The fourth book about the adventures of Captain William Riker and USS Titan.

Publication year: 2007
Page count: 370
Format: print
Publisher: Pocket Books

The story focuses on exploring the space outside known space and I love that!

The book starts with “Epilogue” (which isn’t quite apt because the starting chapter would technically belong in the middle of the book) where one of the crew is in bad shape on a planet and hallucinating about his childhood and youth in refugee camps. He was in a shuttle that crashed.

The we jump to the start of the story. Titan is exploring a region of space dubbed the Occulus Ora while her First Officer is trying to work out some personnel problems. The chief engineer has managed to rile up quite a few people, and the captain and his wife are having some problems that are effecting the ship, too. However, soon they get a distress call and head out for rescue mission. Instead, they are caught in a sector of space where warp drive doesn’t work and they are dead in the water. When they investigate, they find a nearby planet Orisha inhabited by an insectoid species. Apparently, the Orishans are experimenting with warp drive but as a power source. They aren’t interested in exploring space.

The captain decides to send an away team to the planet but something goes horribly wrong.

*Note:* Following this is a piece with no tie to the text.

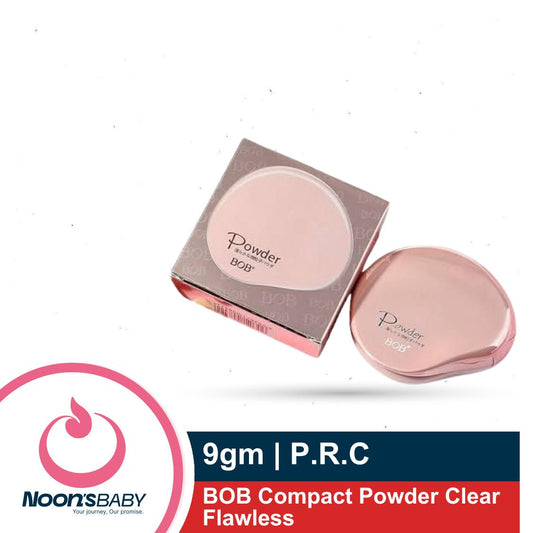 BOB Compact Powder Clear Flawless 9gm Concealer Waterproof Oil-control for beauty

I found the story’s structure near the start pretty weird. The Epilogue ended when Jaza started to remember what had happened before. Still, the majority of the start of the book is from the POV of the First Officer Vale and Jaza had no access to her thoughts. I also wasn’t wild about the time travel aspect of the book or the Riker/Troi tension. Otherwise, I found the concept of the Orishans and their culture fascinating. They seem to have two or three classes (the Dreamers who make the decisions and are scientists, and the Guardians who are the soldiers) but they don’t fight amongst themselves. They have a bigger problem: a large structure on their orb which destroys their world from time to time. Not surprisingly, the Orishans think it’s a god and try to appease it.

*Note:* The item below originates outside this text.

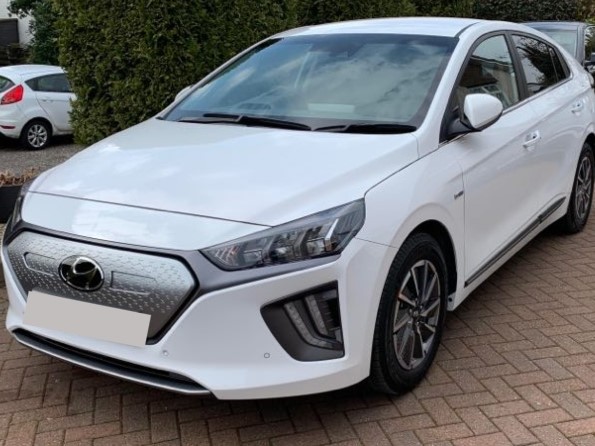 A Hyundai IONIQ Electric 2020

The main point-of-view characters are the First Officer Vale and the Science Officer Jaza. However, there are many other POV characters who are touched on just briefly. The familiar characters Riker, Troi, and Tuvok are minor characters in and Alyssa Ogawa doesn’t appear. However, there was a lot of interaction among the other characters and the multi-species crew seems to be finally working together, for the most part, anyway. Also, because most of the characters in the book were not established ones, they can and do have character development and might even really be in danger.

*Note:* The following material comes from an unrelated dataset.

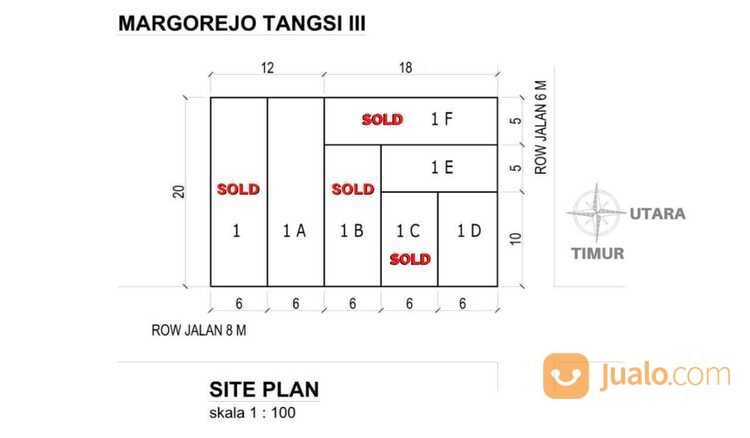 Perum Margorejo indah Tangsi, Surabaya Selatan.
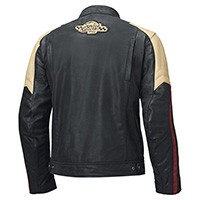 Giacca Pelle Held Baker 2 Nero Beige - img 2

While I enjoyed exploring the new society (pretty different from usual Star Trek fare!), the ending left many mysteries open. What is the thing on the orbit and how did it appear here? Who built it or was is really sentient? Why was it there and behaved the way it did? No idea. This was frustrating.

You can read the first chapter for free on Amazon.

Apparently the next books in the Titan timeline would be the three book Destiny series. However, that one seems to have Ezri Dax in a large role and I’m still not ready for that. Reading about Data in the past tense in this book was traumatic enough. So, I’m going to dive into the Mirror Universe books!